Robots and other intelligent systems operating in complex, dynamic environments must anticipate the current and future intentions, activities, and actions of surrounding agents to navigate efficiently and avoid collisions. Since the agents’ motion trajectories can represent such intentions, trajectory prediction becomes critical in complex, dynamic environments. However, accurately predicting human motion remains challenging due to the multitude of environmental and agent-specific contextual factors that shape trajectory patterns. These include semantic information about the scene, agent roles or tasks, social interactions, physical constraints, and latent behavioral intentions. The complexinter play of these elements leads to heterogeneous trajectories characterized by variability in speed, direction, intent, and interaction patterns. Despite this, many state-of-the-art trajectory prediction models rely on simplifying assumptions, for instance, the absence of stopping behaviors or exclusively social navigation settings (i.e., multiple agents interacting) and training on homogeneous datasets with limited motion diversity. These limitations hinder their performance in more complex, real-world environments.
A key but underexplored source of trajectory heterogeneity lies in what we suggest referring to as trajectory classes: groupings of data samples sharing similar characteristics. These may be based on observable semantic attributes (e.g., agent type, activity, role) or data-driven latent features learned from the trajectory data itself. While observable classes can be inferred through visual perception systems, data-driven classes require learning directly from trajectory data. Both types can capture important motion diversity and enhance prediction accuracy when integrated effectively into predictors. Despite their relevance, existing work on trajectory classes lacks both dedicated datasets capturing heterogeneous motion patterns and methodological approaches addressing such heterogeneity. This thesis addresses the described gaps by systematically studying the phenomenon of heterogeneity in human motion, analyzing its sources, proposing methods to collect heterogeneous trajectory data, and incorporate trajectory classes (observable and data-driven) into trajectory prediction frameworks.
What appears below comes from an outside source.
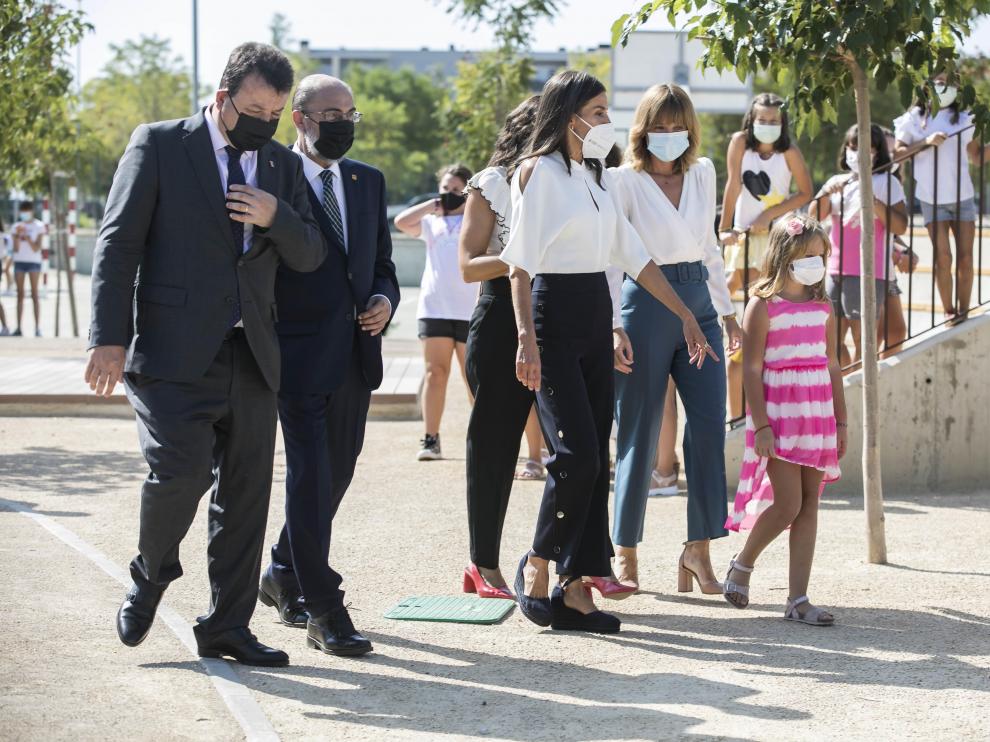 Sofía guía a la reina Letizia en su visita al colegio Odón de Buen de Zuera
To answer the first research question – what types of datasets are needed to study trajectory classes and how they should be collected – we introduce THÖR-MAGNI, a large-scale dataset recorded in a mock industrial environment. The dataset captures a wide range of agent activities and roles (e.g., box carriers, groups of people), which can be seen as observable classes, and provides detailed annotations for analyzing these classes in the context of human trajectory prediction. Its complexity and diversity also make it well-suited for learning and analyzing data-driven trajectory classes. We leverage THÖRMAGNI to study the influence of trajectory classes, reflecting underlying human activities or roles in industrial contexts, on trajectory prediction.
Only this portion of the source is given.